It has come to light that Apple’s license to use YouTube has expired which means that users will no longer see the client on iOS devices. Thankfully, the absence of the native app will only affect iOS 6, so as long as you remain on iOS 5 or below, you can still use the client. The revelation was made when developers downloaded the iOS 6 Beta 4 where the app was seen missing, to everybody’s surprise.

The company’s decision to not include the player in iOS 6 is rather strange, especially considering that the license can be easily renewed without much hassle. But maybe this is Apple’s way of going its own way, as it did with Apple Maps, ditching Google Maps. It is however believed, that Apple will allow Google to launch a YouTube app on the iTunes AppStore, so it’s not the end of the road after all. It won’t be as stable or tightly integrated with the OS as the native client though. Google will have to make the new YouTube app available in the AppStore before iOS 6 is made public.

Although there’s no reason for panic yet, it’s not long before the OS is launched for the public. Usually, Apple makes the latest version of iOS available to existing device as soon as a new iPhone is launched or maybe a week after that. The native iOS browser (Safari) can still play YouTube videos without much hassle, but users will be certainly deprived of the versatility of a native application.

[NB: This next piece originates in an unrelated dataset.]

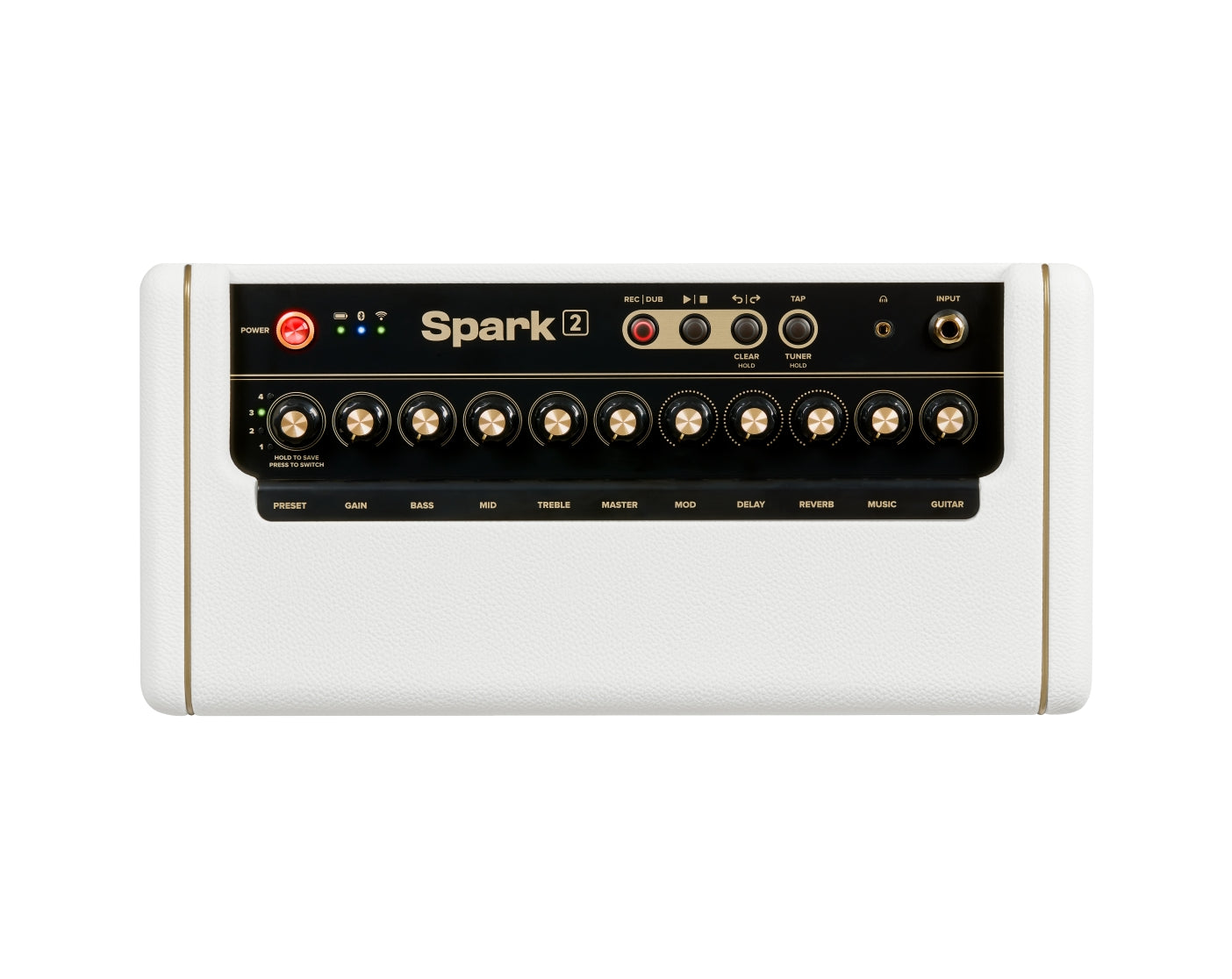 Positive Grid - Spark 2 - 50-Watt Guitar Practice Amp & Bluetooth Spea –  Steve's Music Store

Apple was pretty excited when it ditched Google Maps in favor of Apple Maps, though it can be considered a downgrade coming from G Maps since some features are missing. However, the Siri integration and other fancy features shouldn’t make it that bad. Apple is slowly shying away from Google products, which is clear from the developments seen over the course of the months. While the switch to Apple Maps is understandable, the absence of the native YouTube app will really hurt the company’s cause in a major way. There are still a couple of months until the latest and stable release of iOS 6 is announced and made public, so a lot could change by then.